First-order optimality

4.3. First-order optimality#

The notion of derivative codifies the local behavior of a differentiable function. This information can be thus used to characterize its minima, yielding what is called the first-order optimality condition. While there are a few important instances when this mathematical tool can be used to directly determine the solutions to an optimization problem, the first-order optimality condition motivates the construction of optimization algorithms like the gradient descent method.

4.3.1. Necessary optimality condition#

The next figure shows a quadratic function in one and two dimensions. In each panel, the global minimum is marked with a green point, and the tangent at such point is plotted with green line or plane. You can see that the tangents are perfectly flat, indicating that the first derivatives at those points are zero. Such behavior is universal: the gradient is always zero at the minima of a function. This is because the minima of a function are naturally located at “valley floors”, where the tangent to the function is perfectly flat, and thus has zero slopes there. Since the gradient at a point gives precisely this slope information, it provide a convenient way of characterizing the minima of a function, summarized as follows.

First-order optimality (necessary)

\[ \textrm{${\bf w}^\star$ is a global minimum} \quad\Rightarrow\quad \nabla J({\bf w}^\star) = {\bf 0}.\]

../../_images/eb7619ad269f7d80cec56cd1c3625116da99b2ce1f258f7b1a246c1ce07acd22.png

4.3.2. Stationary points#

The first-order necessary optimality condition provides a very useful characterization of minima. But there is a catch: the optimality is expressed as an implication, rather than an equivalence! This means that not all the points with zero gradient are minima. In general, there exists a variety of points in which the gradient is zero, such as:

local and global minima,
local and global maxima,
saddle points.

All together, they are referred to as stationary points.

Stationary point

\[ \textrm{${\bf\bar{w}}$ is a stationary point} \quad\iff\quad \nabla J({\bf\bar{w}}) = {\bf 0} \]

The following figure draws the first derivative of a function by moving the slider to the right. It is interesting to take notice of all the points where the first derivative passes through the zero: these are the function’s stationary points, among which there is the global minimum at $w^\star=1$. Note also that the function is continuously differentiable.

Here is another example, where the gradient vanishes at the saddle point $\bar{w}=0$.

4.3.3. Sufficient optimality condition#

Optimization problems are not born equal! It is very important to determine whether the cost function is convex or nonconvex. As explained in a previous chapter, convex functions are “curved up” without any bends the other way. Why do we care about convexity? Because a differentiable function is convex if and only if its graph lies above all of its tangents at every point of the domain.
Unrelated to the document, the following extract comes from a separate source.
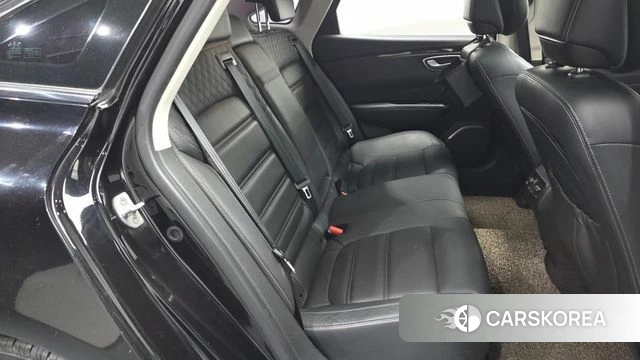 Renault Korea (Samsung) SM6 id 4448044 из Кореи 7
This property is illustrated in the figure below.

../../_images/7cc21ae7f8fdced9367f33badeedef76eef00965d1948351048fd3b0ed5c4626.png

The tangency behavior depicted in the previous figure can be mathematically expressed as

\[ \textrm{$J({\bf w})$ is convex} \qquad\iff\qquad \big(\forall{\bf w},{\bf \bar{w}}\big) \quad J({\bf w}) \ge J({\bf \bar{w}}) + \nabla J({\bf \bar{w}})^\top({\bf w}-{\bf \bar{w}}). \]
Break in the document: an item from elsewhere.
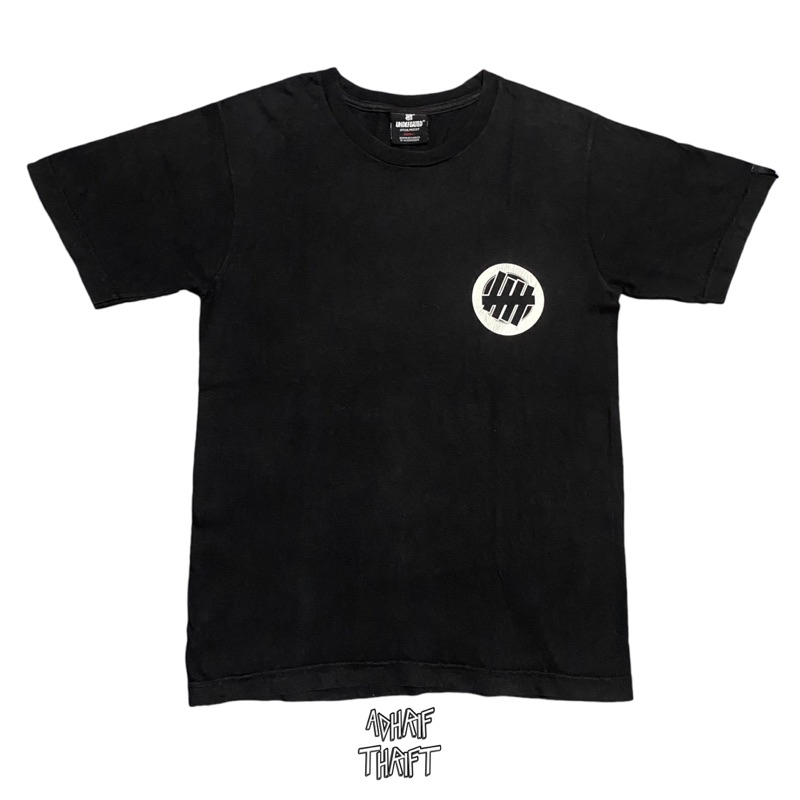 Undefeated T-Shirt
Note that this inequality turns into the definition of global minimum when $\nabla J({\bf \bar{w}})=0$. Therefore, all the stationary points of a convex function are global minima.

First-order optimality (sufficient)

\[ \textrm{$J$ is convex and $\nabla J({\bf w^\star}) = {\bf 0}$} \qquad\Rightarrow\qquad \textrm{${\bf w^\star}$ is a global minimum}. \]

The following figure plots the first derivative of a convex function by moving the slider to the right. Remark that the first derivative only vanishes at the global minimum. More generally, the first derivative of a convex function is non-decreasing. This means that a convex function may have an infinite number of minima, but they necessarily form a convex set.